EXERCISE DESCRIPTION » Beginning with the line that has "Eine Frau sitzt im Zahnarztstuhl" and ending with the line that has "Griffin - bronze", retype the entries below exactly, except for the pictures.

RECORDS FOR PROCESSING »
..........

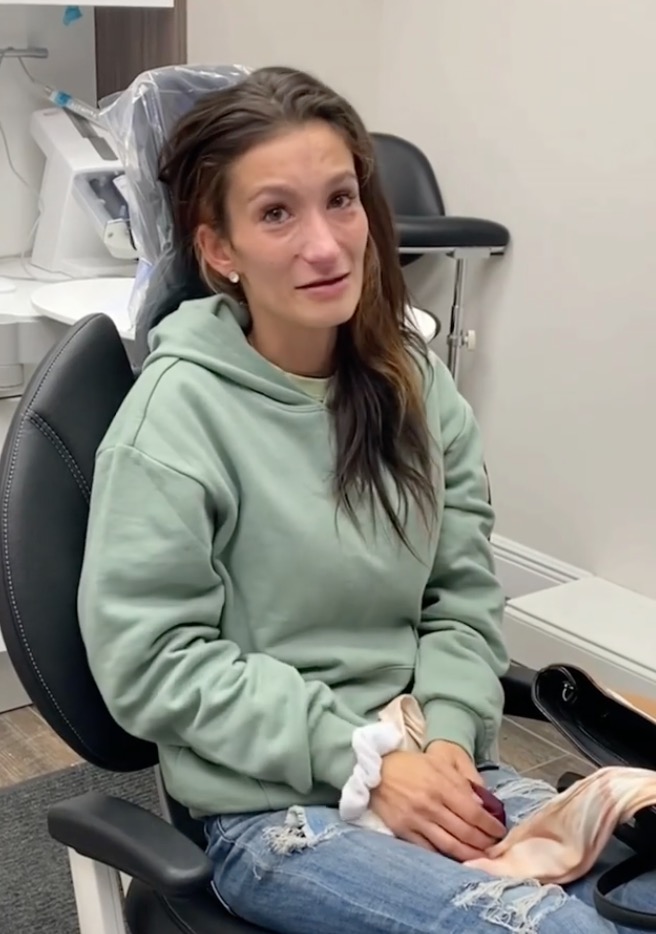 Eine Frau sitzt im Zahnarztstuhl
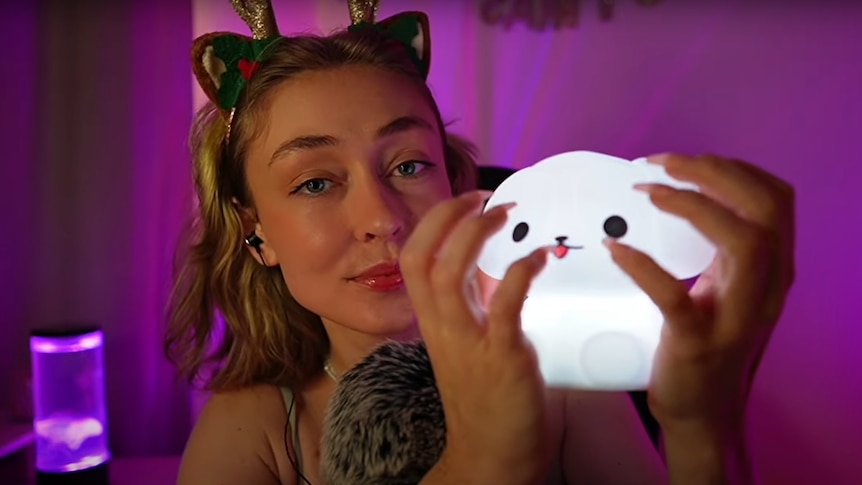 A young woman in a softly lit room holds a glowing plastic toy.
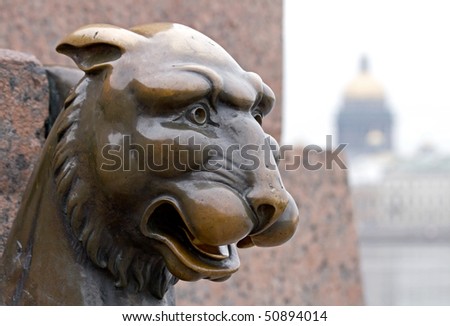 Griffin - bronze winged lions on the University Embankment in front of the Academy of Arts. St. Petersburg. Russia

..........

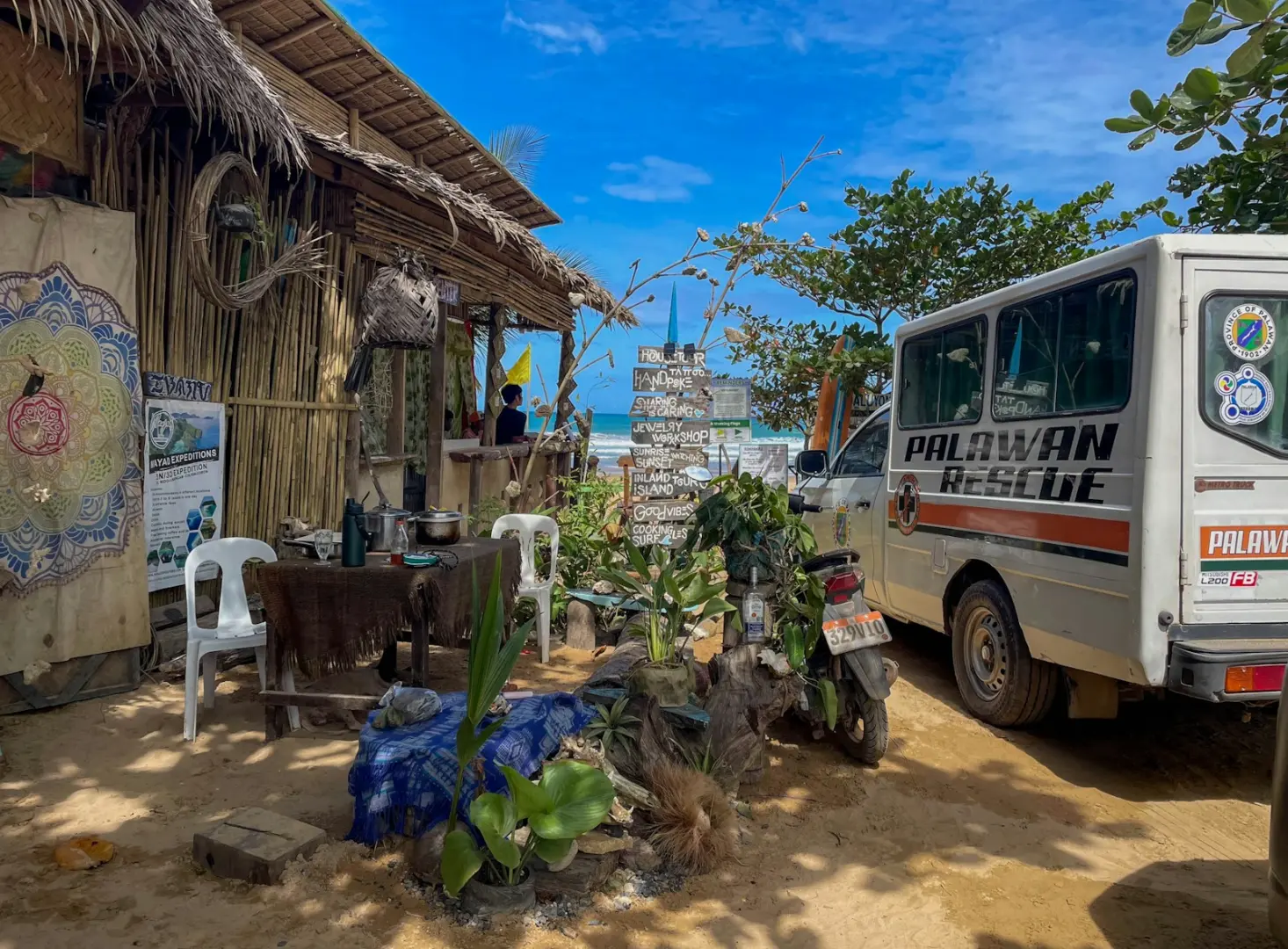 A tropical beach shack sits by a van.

..........

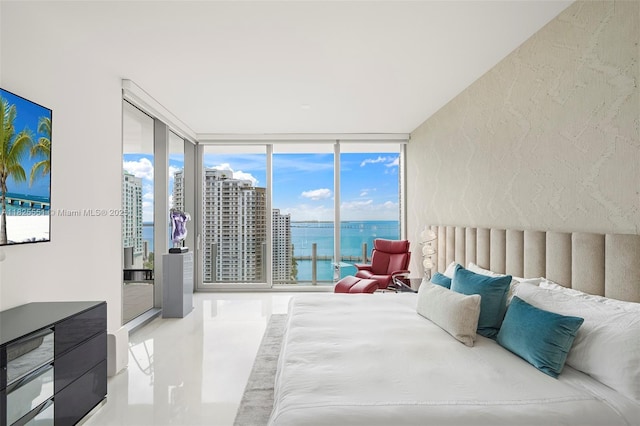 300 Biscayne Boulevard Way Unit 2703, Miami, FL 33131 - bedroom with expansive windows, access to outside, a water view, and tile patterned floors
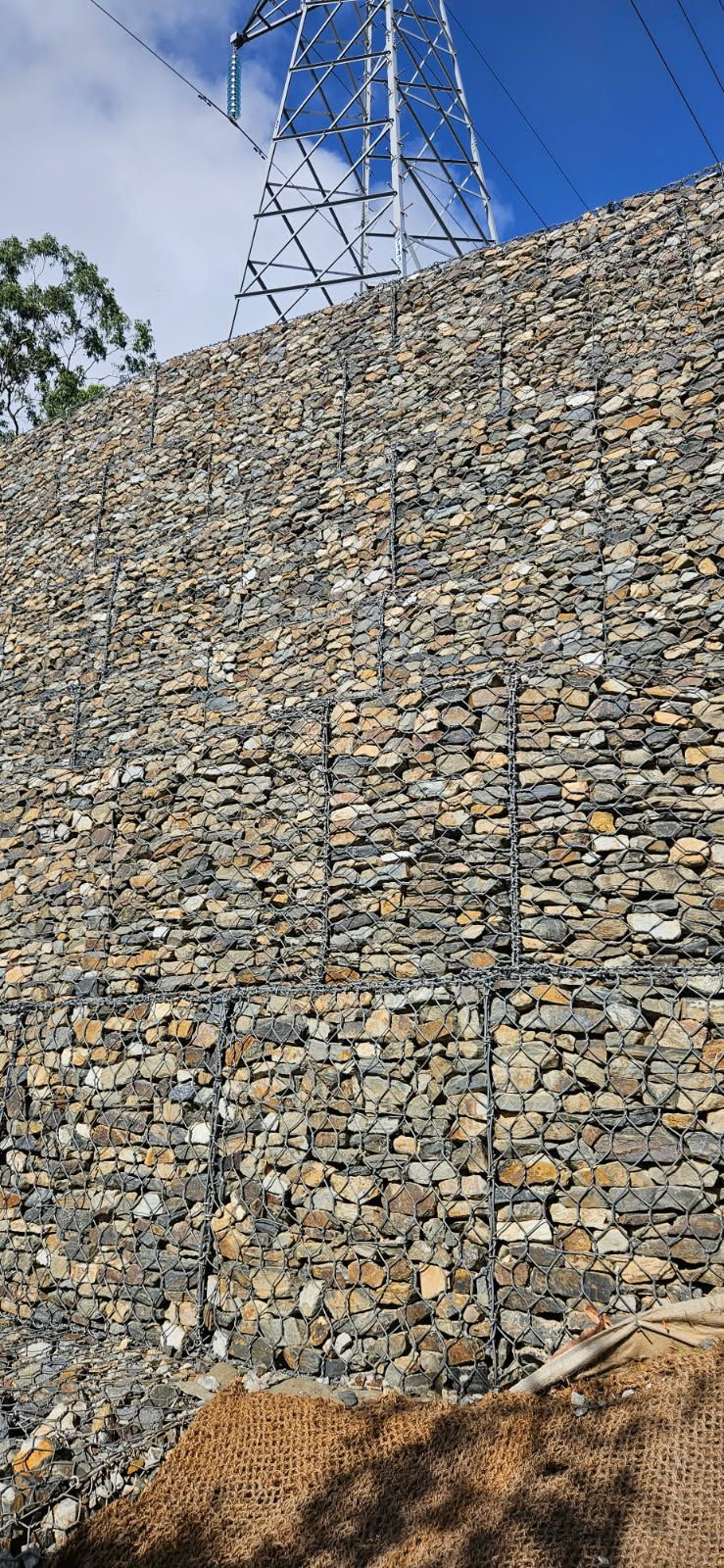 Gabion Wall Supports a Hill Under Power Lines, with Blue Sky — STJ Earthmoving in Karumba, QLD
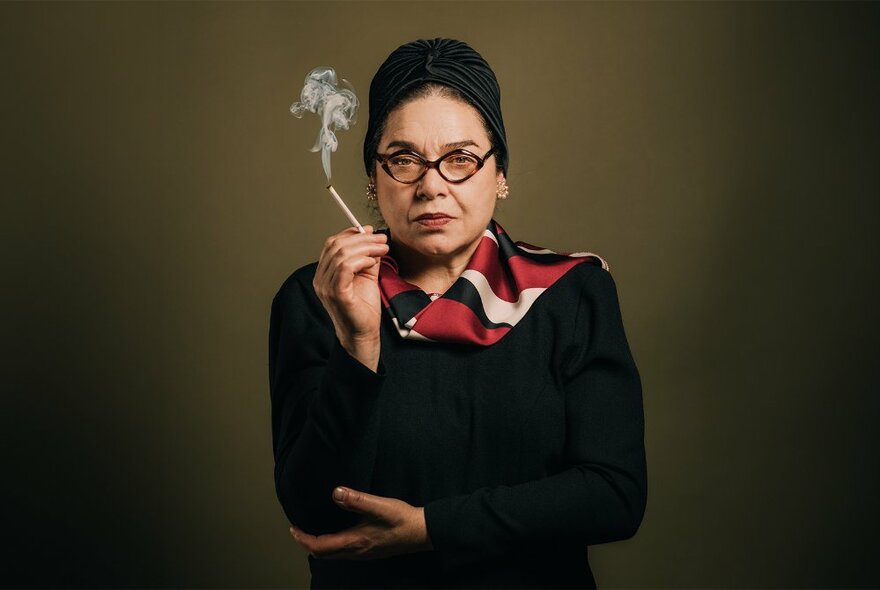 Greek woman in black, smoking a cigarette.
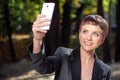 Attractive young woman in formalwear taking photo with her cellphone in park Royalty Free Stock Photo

..........

ANSWER TO THE PROBLEM »
 Eine Frau sitzt im Zahnarztstuhl
 A young woman in a softly lit room holds a glowing plastic toy.
 Griffin - bronze winged lions on the University Embankment in front of the Academy of Arts. St. Petersburg. Russia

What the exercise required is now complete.